# 101 Track Plans -FREE



## SantaFeJim (Sep 8, 2015)

Click on this link to open Linn Westcott's book. You can download it or view and page through it while viewing in FULL screen mode. 

https://issuu.com/renfe/docs/101_trakplans


----------



## CTValleyRR (Jul 26, 2014)

So how does one post that for free? It's still under copyright. Yes, it's a good resource, but that doesn't mean we can ignore copyright laws.


----------



## gunrunnerjohn (Nov 10, 2010)

He's not suggesting you post it, just that you can read it and use the plans.


----------



## Deane Johnson (Sep 19, 2016)

Reading their Terms of Service is sort of interesting. Apparently this is on a site that allows individuals to upload things such as the 101 Track Plans. They state that if you upload something that is copyrighted by someone else other than yourself, you risk being sued by the copyright holder.

I would suspect that is being ignored with this particular upload.


----------



## Tom17 (Jan 14, 2016)

I still have mine 101 Track Plans, paid $2.50 for it back in the 70's
now it is $17.99


----------



## CTValleyRR (Jul 26, 2014)

Deane Johnson said:


> I would suspect that is being ignored with this particular upload.

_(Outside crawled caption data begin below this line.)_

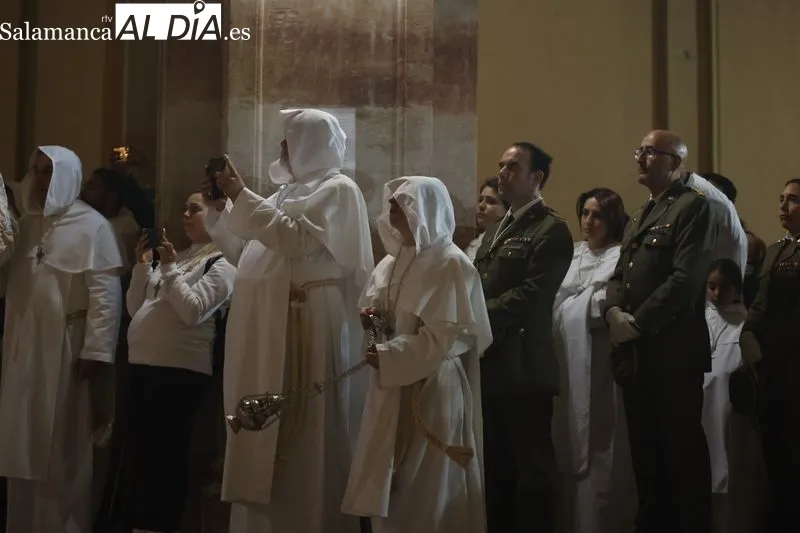 El Cristo del Amor y de la Paz procesiona en el interior del Arrabal | FOTOS: David Sañudo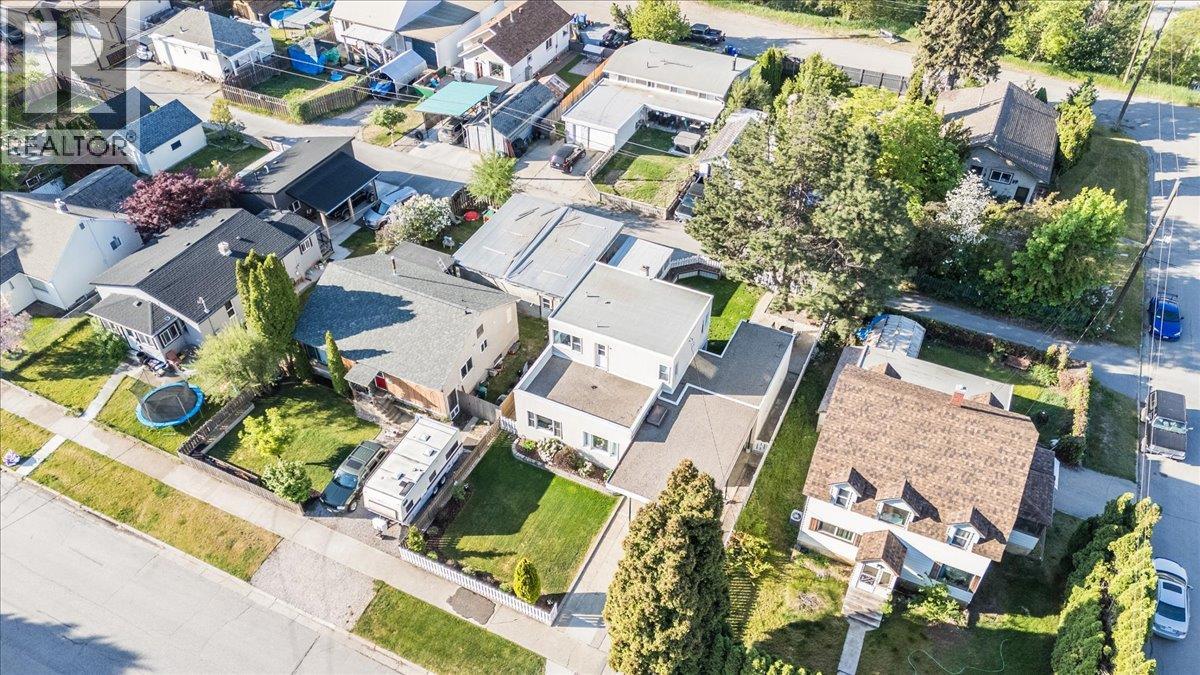 2120 Sixth Avenue, Trail, British Columbia  V1R 3B7 - Photo 50 - 10387044
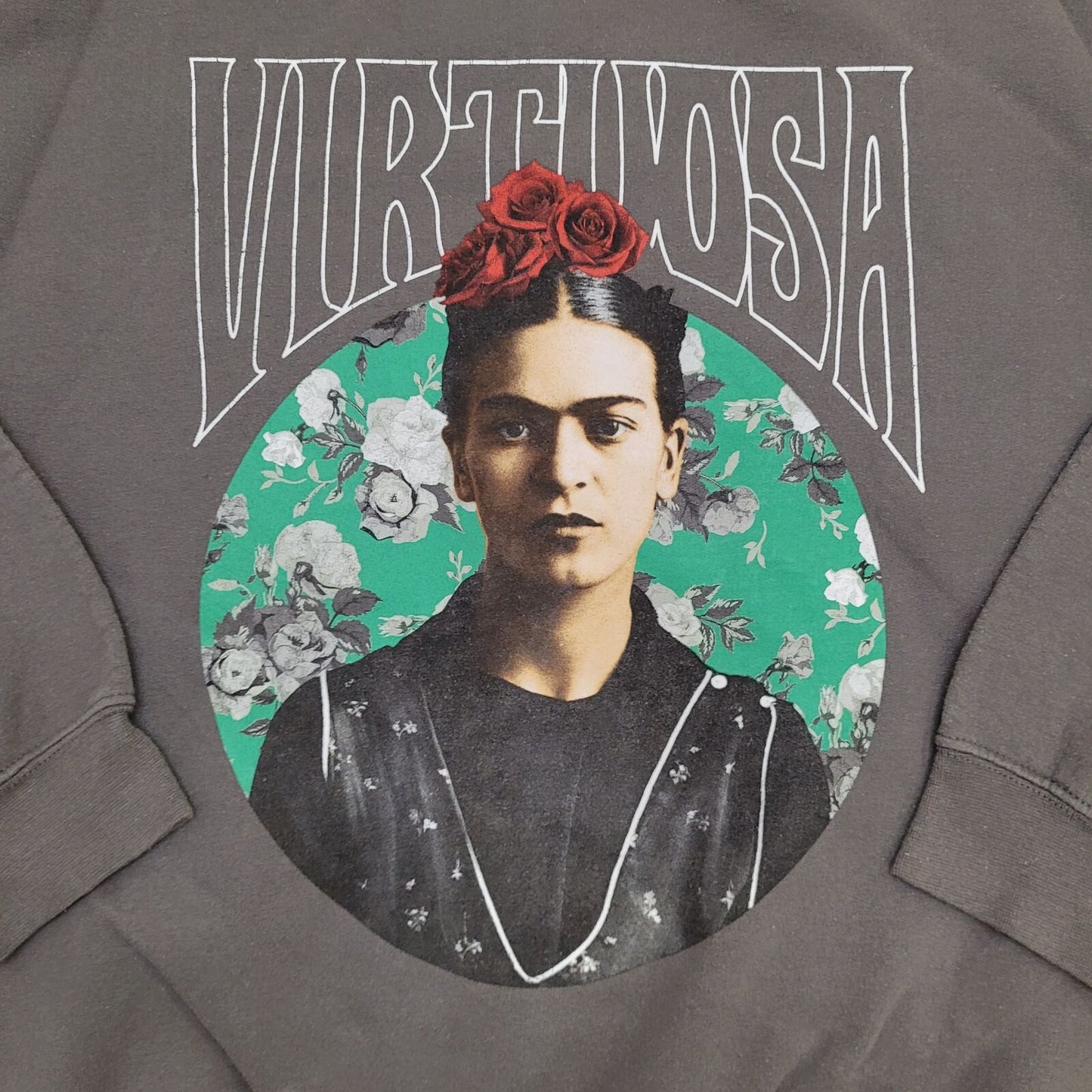 Frida-Kahlo Sweatshirt Womens Large 23x25 Gray Taupe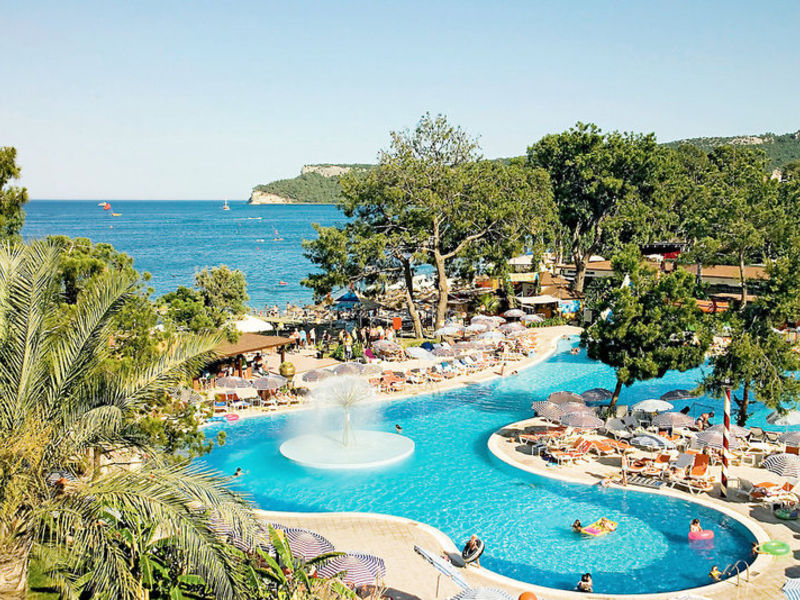 Crystal Aura Beach Resort & Spa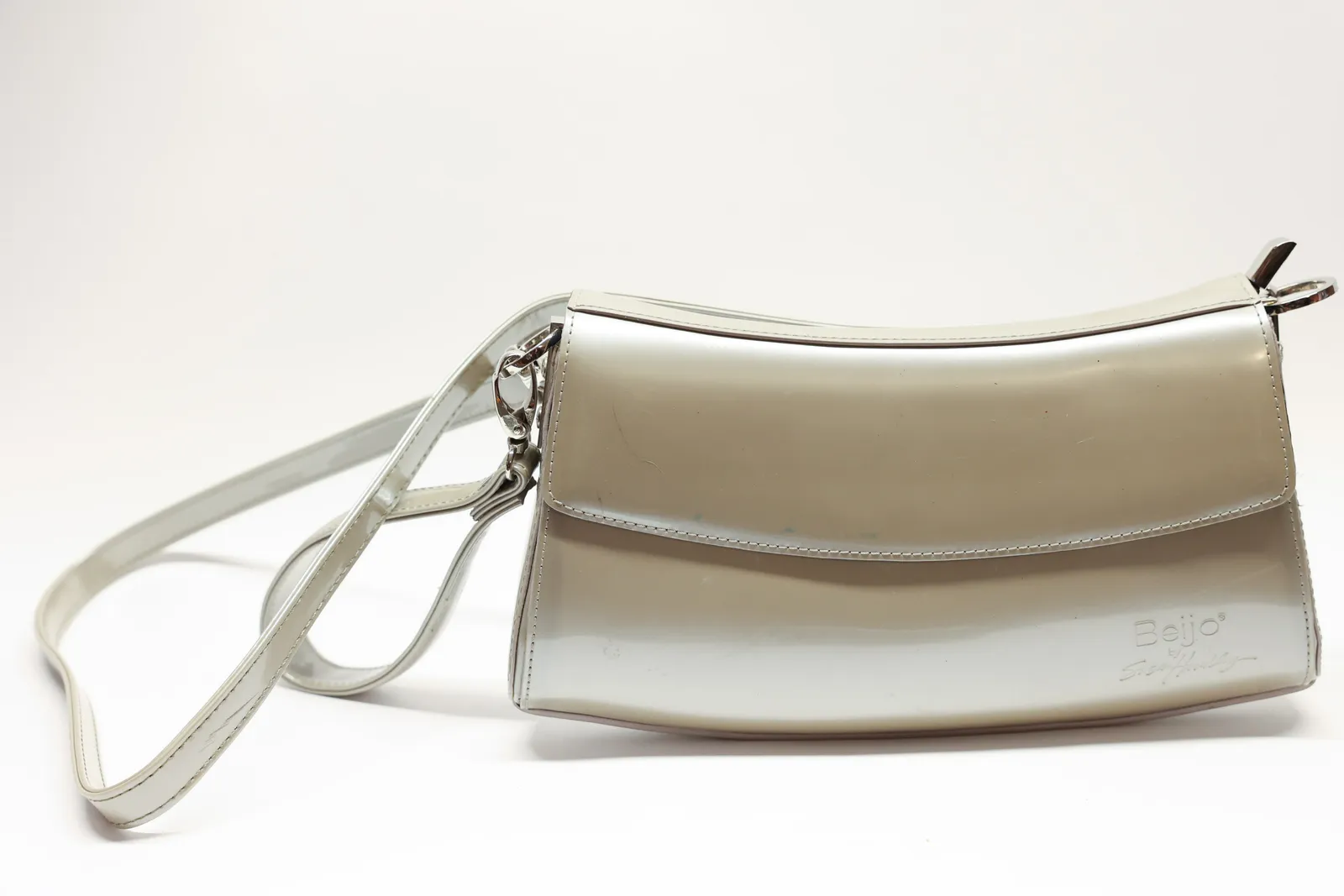 Champagne Vinyl Beijo Purse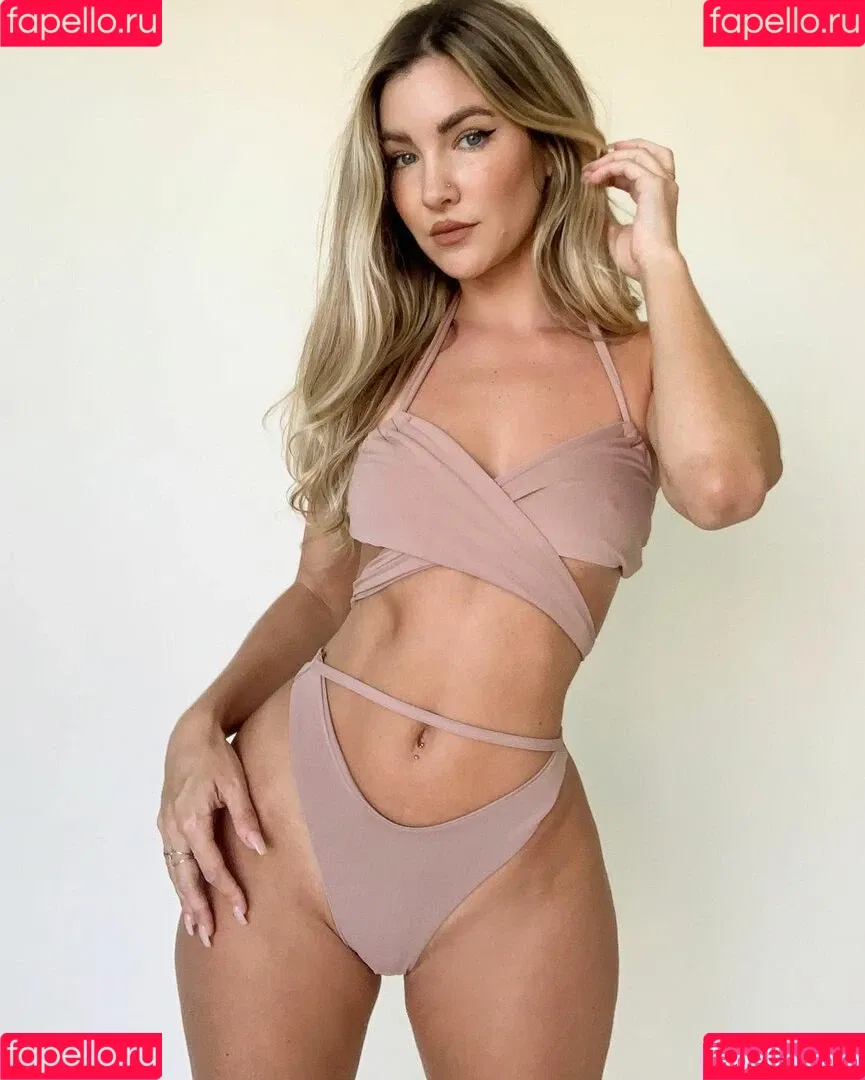 Casi Davis Onlyfans Photo Gallery 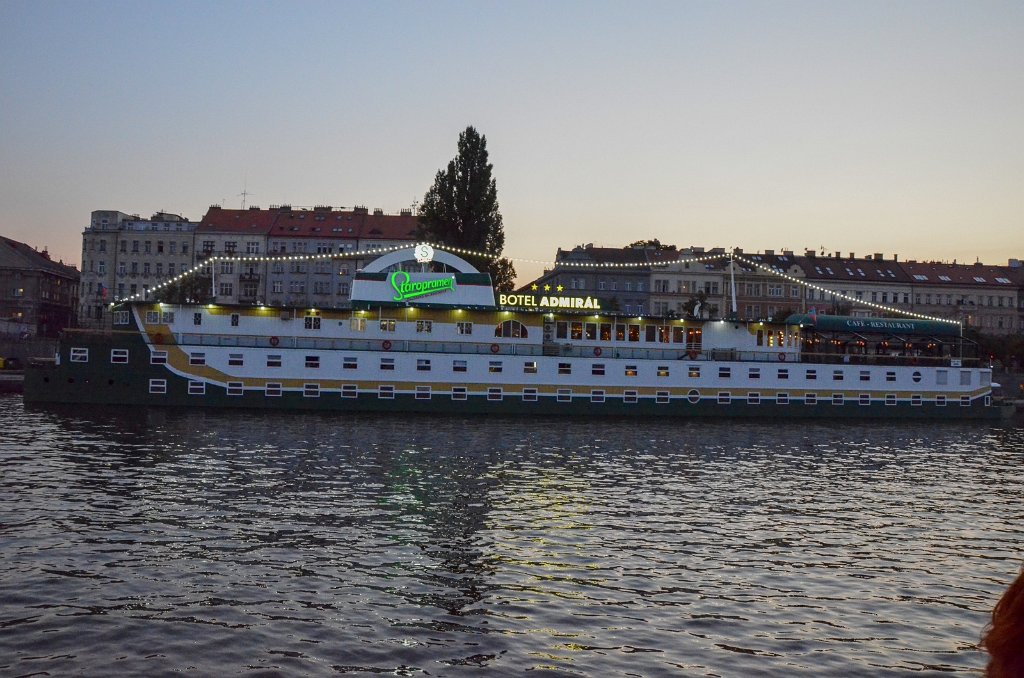 Vltava_2020_14.jpg - Praha z Vltavy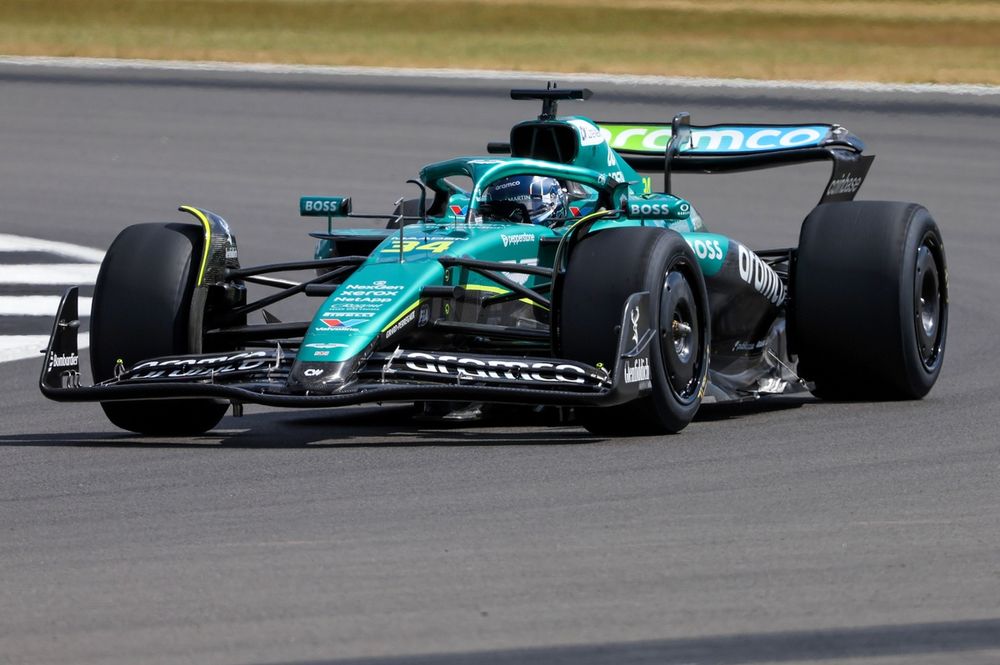Felipe Drugovich, Pirelli test Silverstone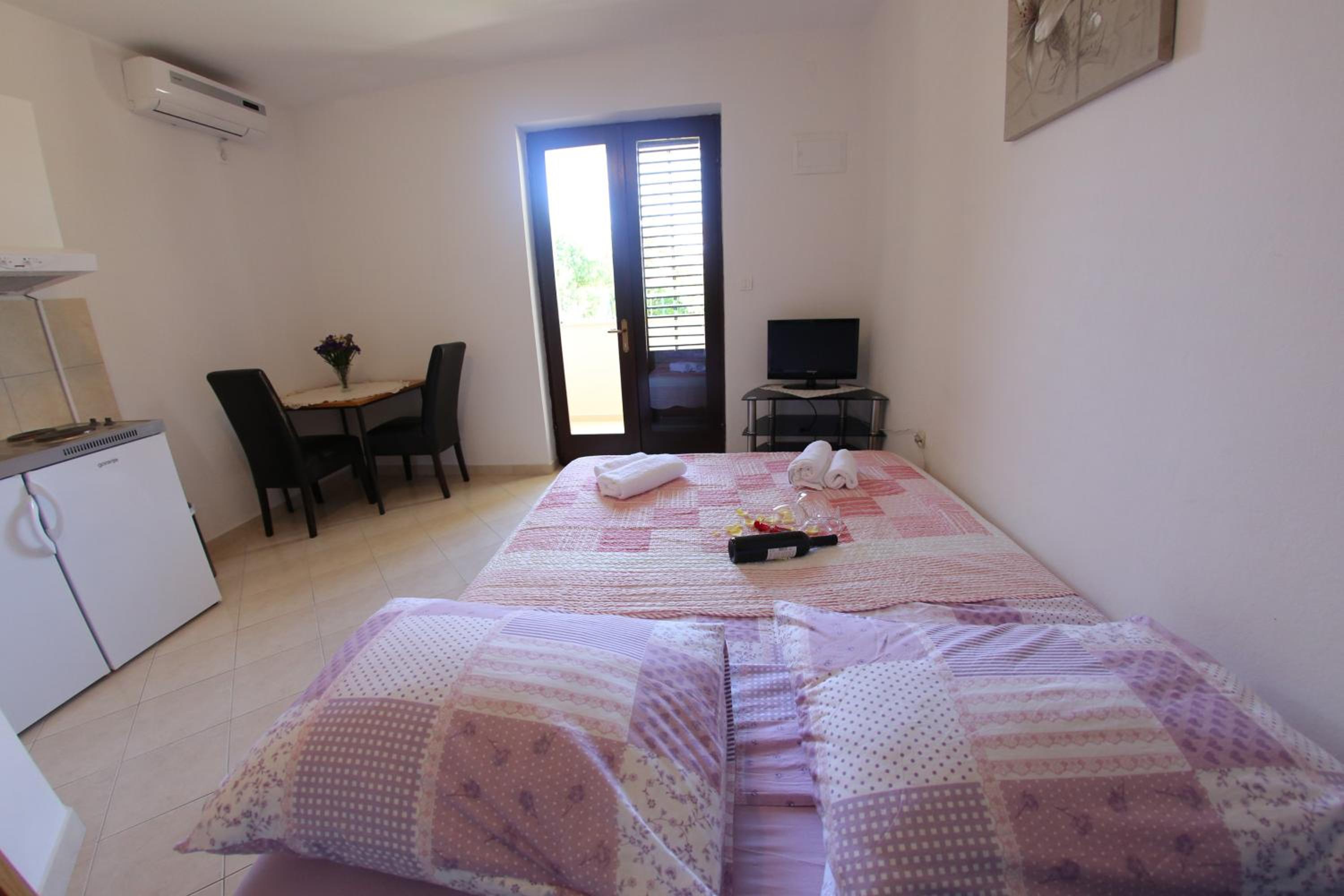 Photo 44
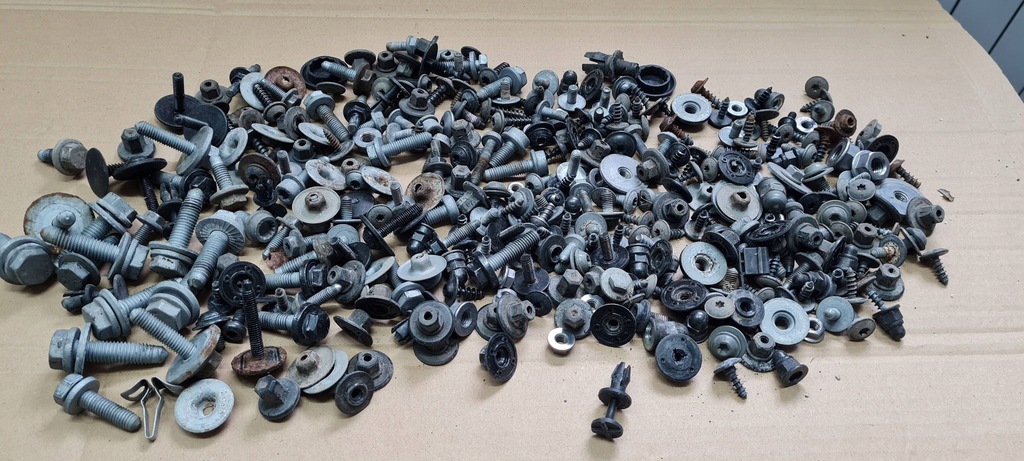 фото №15, A6 c8 4k болты винтики гайки крыльев бампер перед lz7s a7 4k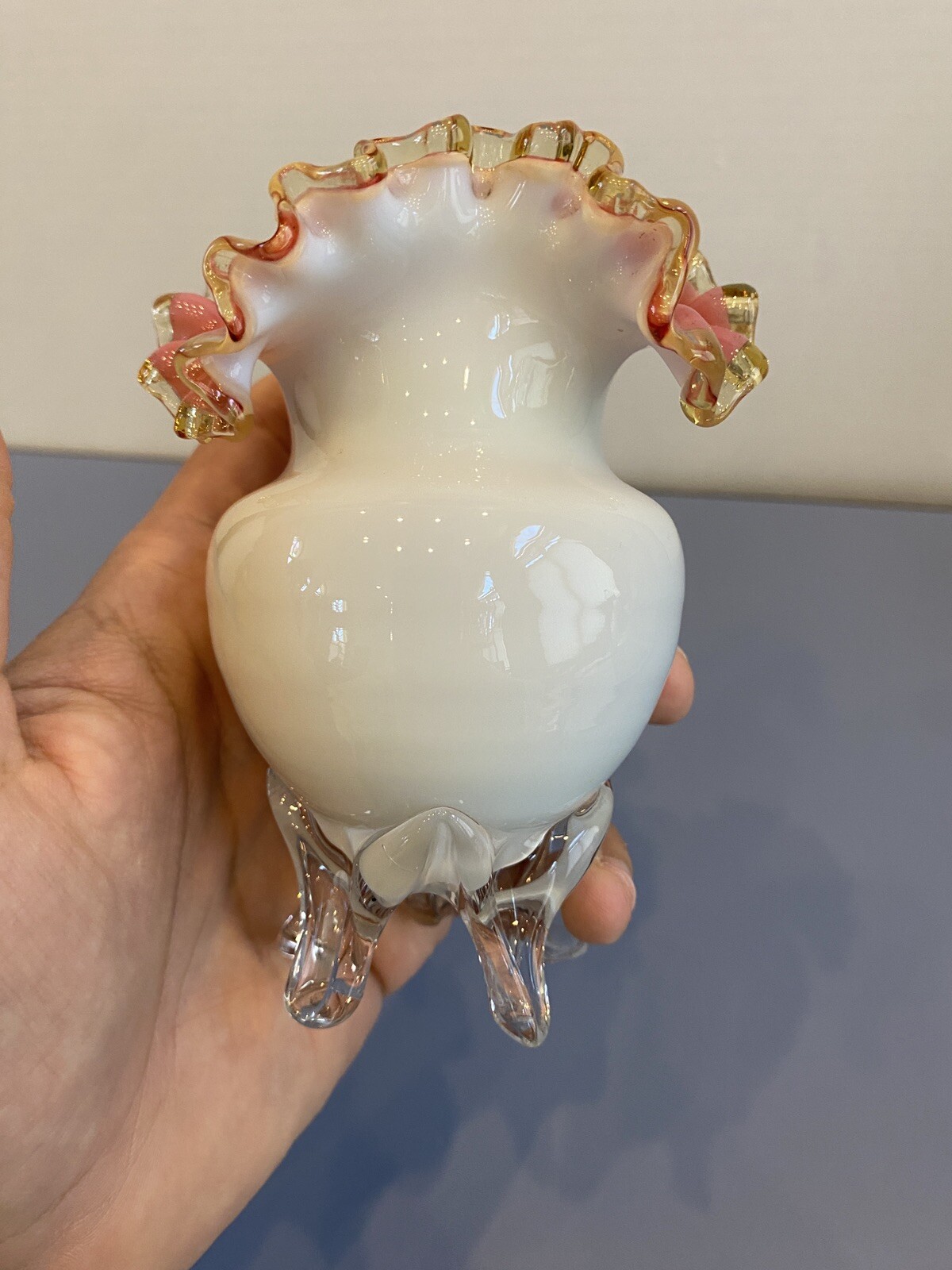 ANTIQUE VICTORIAN Pink & White Glass Amber Ruffled Rim Vase W/Clear Base 4.75″H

Or they just haven't noticed it yet.

Issuu is supposed to aid in self-publishing your own copyrighted material, not in pirating that of others.


----------



## CTValleyRR (Jul 26, 2014)

gunrunnerjohn said:


> He's not suggesting you post it, just that you can read it and use the plans.


No, I meant how does HE get away with posting (for free) material for which he does not hold the copyright?

While I appreciate the thought, I don't think it's legit.


----------